Exercise instructions:
Lines from the one holding "If you want" through the end of the entries, inclusive, form the whole output; reproduce them exactly and omit pictures.

Saved entries:
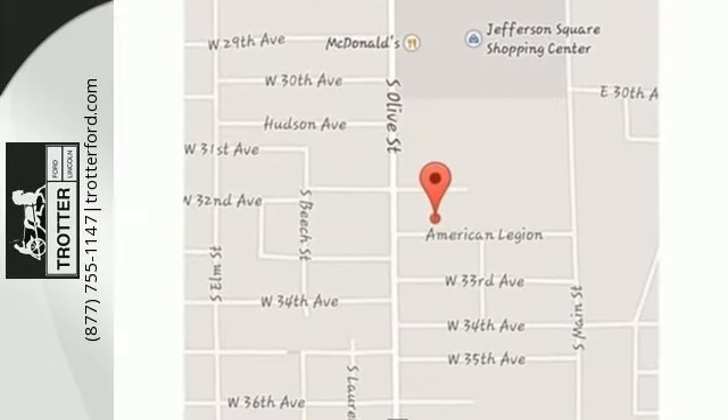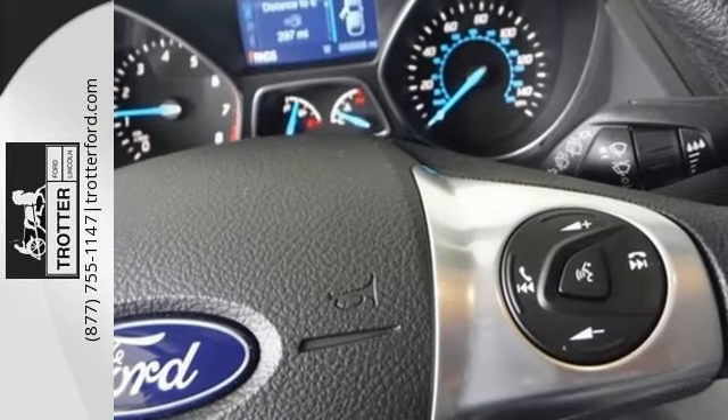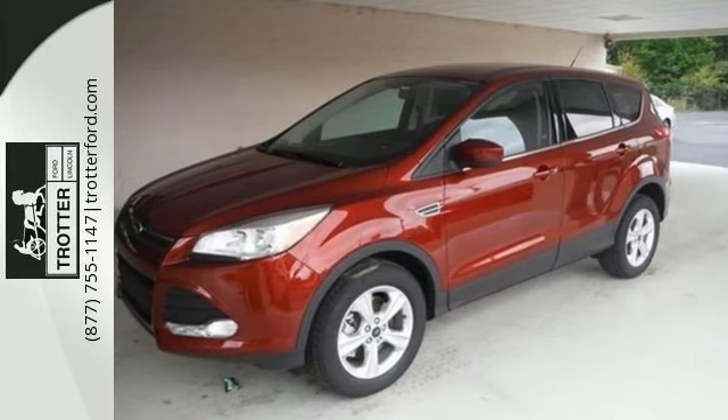Enjoy remote keyless entry, a multifunction steering wheel, and SYNC with MyFord voice activation. You and your family will be well taken care of, too, with a personal safety system and advanced track with Roll Stability Control.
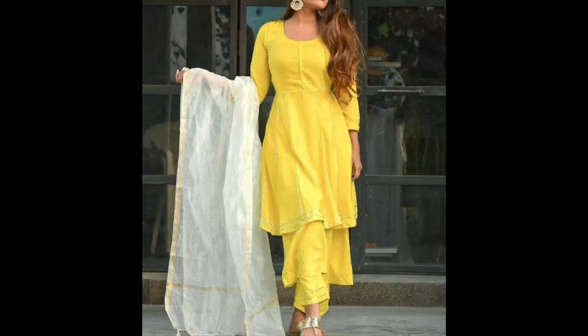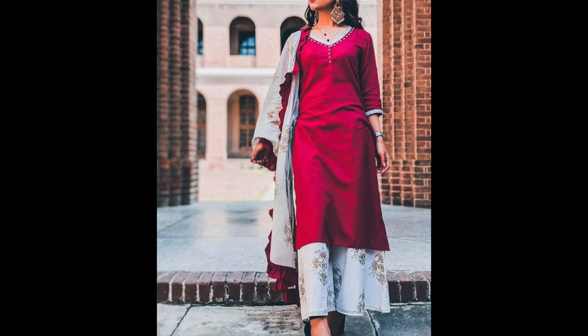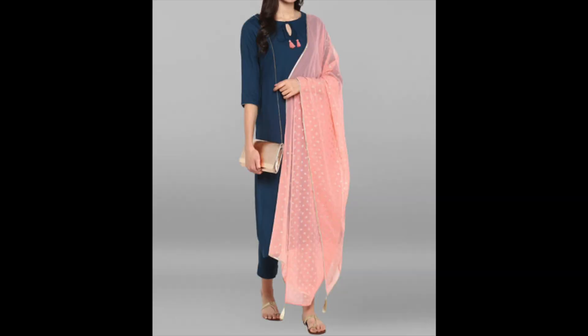If you want to take styling related videos, you can visit my second channel. The link is in the description. We will talk about how you can stylize your simple suits for daily wear.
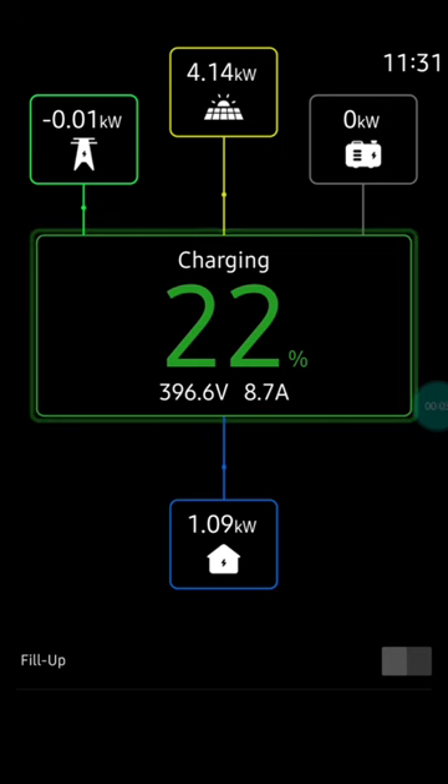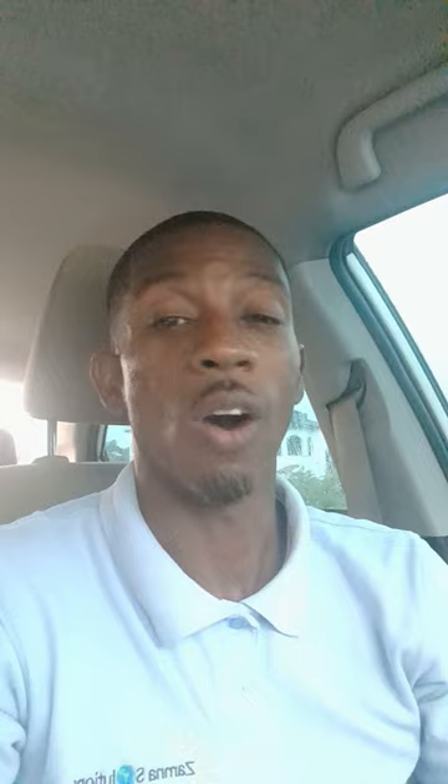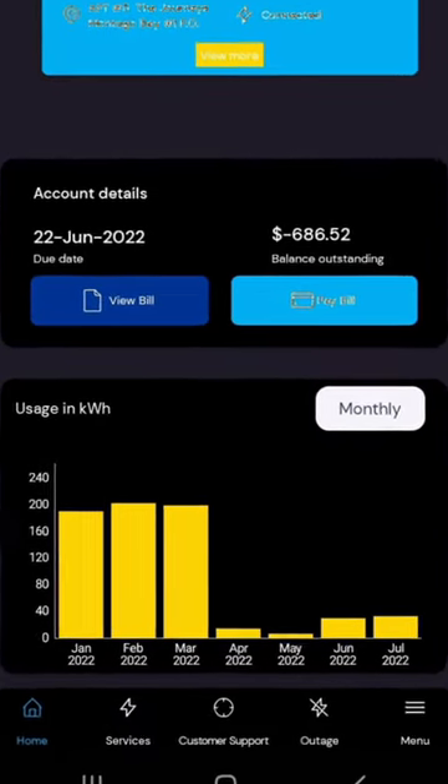Those nine panels are able to pull in enough energy for them to have their batteries charged by one o'clock, and their bill has been reduced from 15,000 Jamaican dollars all the way down to 300.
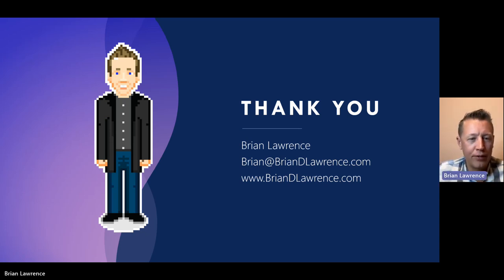Thanks so much for watching. Feel free to subscribe — I put out YouTube videos on all sorts of things: design ops, software engineering, and travel. Thank you so much for watching.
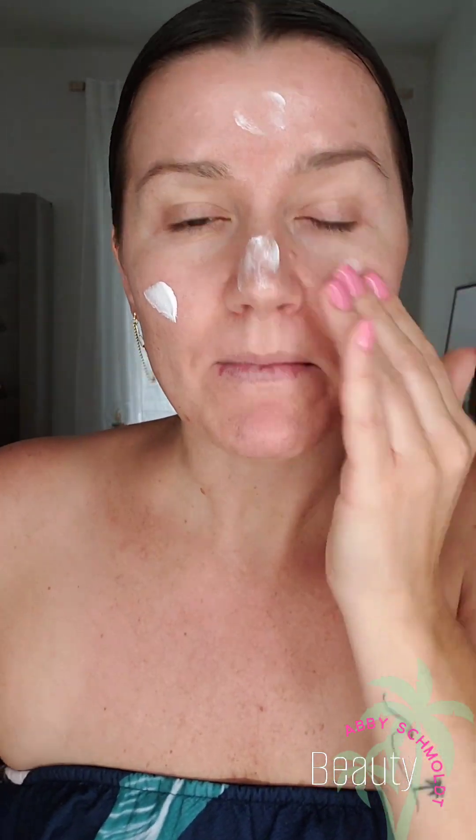Okay, makeup time! First, some hydrating facial sunscreen because we're going to be eating outside, so getting that SPF 20 on. My daytime moisturizer also has a mechanical sun shield, as well as my foundation, so I'm going to have an SPF 20 plus an SPF 30 equivalent mechanical sun shield.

Answer section:
If you want to take styling related videos, you can visit my second channel. The link is in the description. We will talk about how you can stylize your simple suits for daily wear.
Those nine panels are able to pull in enough energy for them to have their batteries charged by one o'clock, and their bill has been reduced from 15,000 Jamaican dollars all the way down to 300.
Thanks so much for watching. Feel free to subscribe — I put out YouTube videos on all sorts of things: design ops, software engineering, and travel. Thank you so much for watching.
Okay, makeup time! First, some hydrating facial sunscreen because we're going to be eating outside, so getting that SPF 20 on. My daytime moisturizer also has a mechanical sun shield, as well as my foundation, so I'm going to have an SPF 20 plus an SPF 30 equivalent mechanical sun shield.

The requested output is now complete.